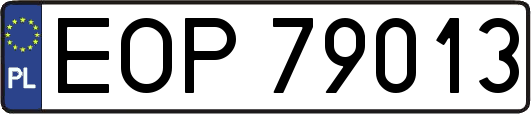 EOP79013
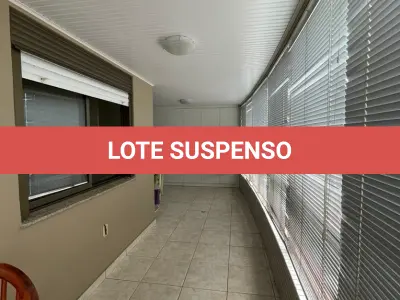 LOTE 001 - APARTAMENTO  em Capão da Canoa/RS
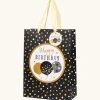 Cadeautas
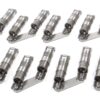 HOWARDS RACING COMPONENTS Hyd. Roller Lifters - SBC Retro-Fit 91160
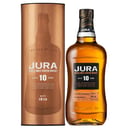 Foto de Jura 10 Años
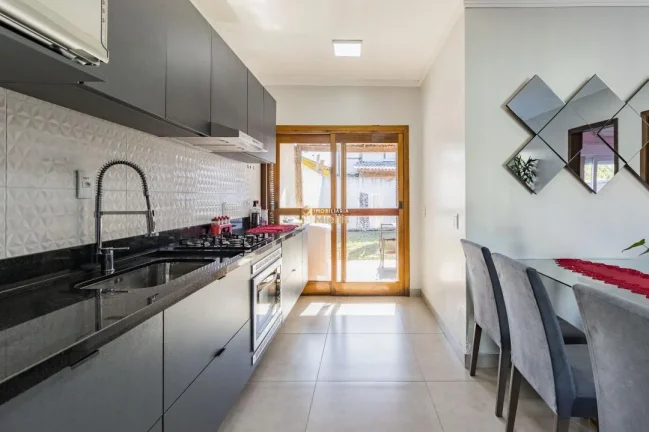 Imagem Casa com 2 Dormitorio(s) localizado(a) no bairro São José em Canoas / Rio Grande do Sul Ref.:57580657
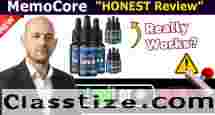 Is Memocore a Scam or Legit? Unbiased Review and Complaints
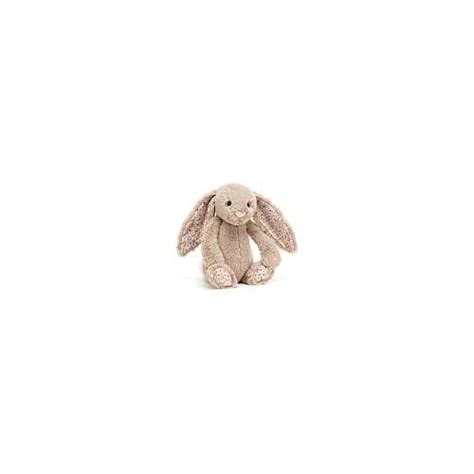 Jellycat Blossom Bea Beige Bunny Large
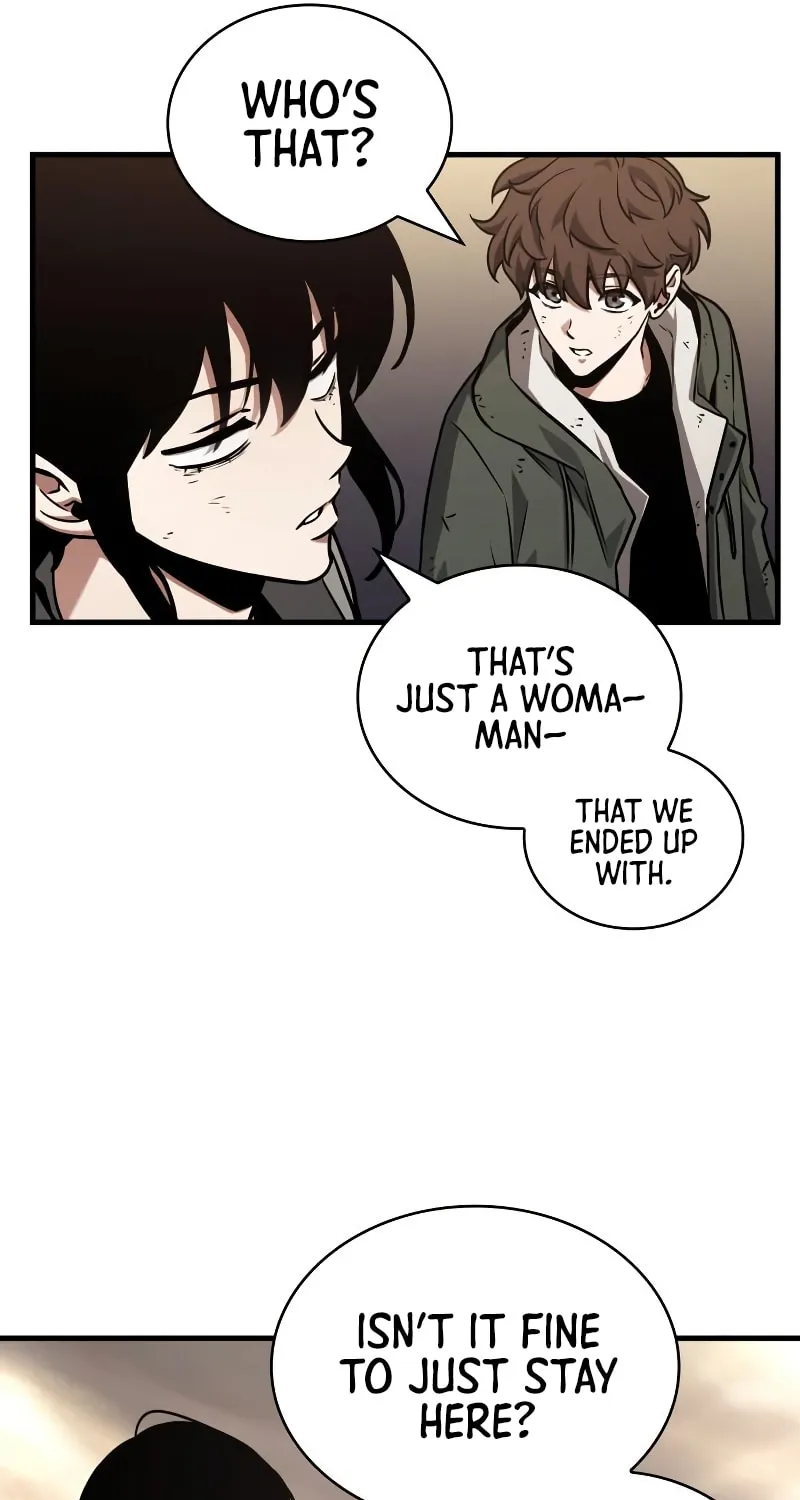 Omniscient Reader Chapter 179 page 89 - 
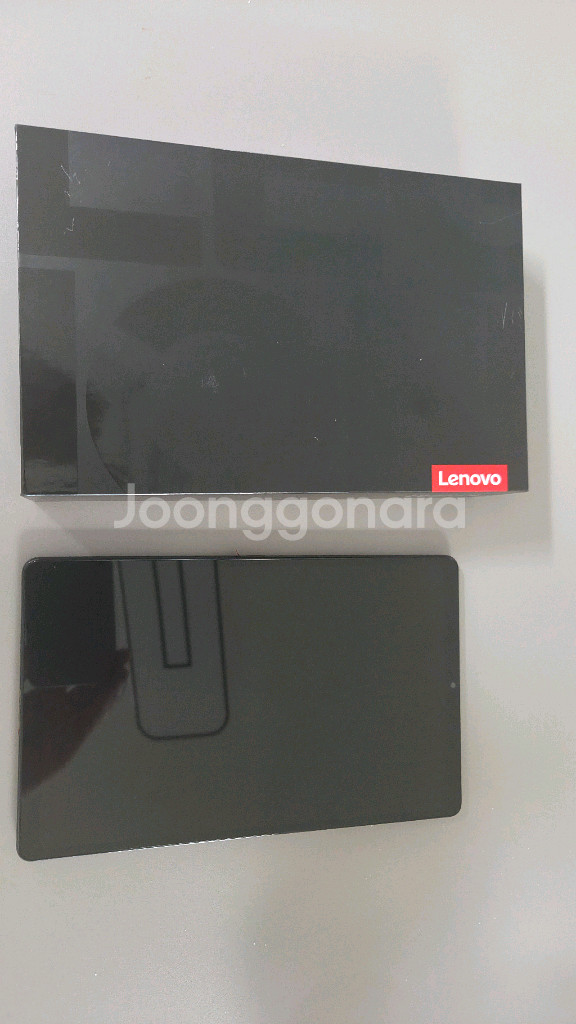 레노버 Y700 3세대 정발 팝니다. (256g)--0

# Assignment:
I would like you to set down the lines above, from the one containing "Foto de Jura 10 Años" to the final line, exactly as written and without pictures.

# Answer for this exercise:
 Foto de Jura 10 Años
 Imagem Casa com 2 Dormitorio(s) localizado(a) no bairro São José em Canoas / Rio Grande do Sul Ref.:57580657
 Is Memocore a Scam or Legit? Unbiased Review and Complaints
 Jellycat Blossom Bea Beige Bunny Large
 Omniscient Reader Chapter 179 page 89 - 
 레노버 Y700 3세대 정발 팝니다. (256g)--0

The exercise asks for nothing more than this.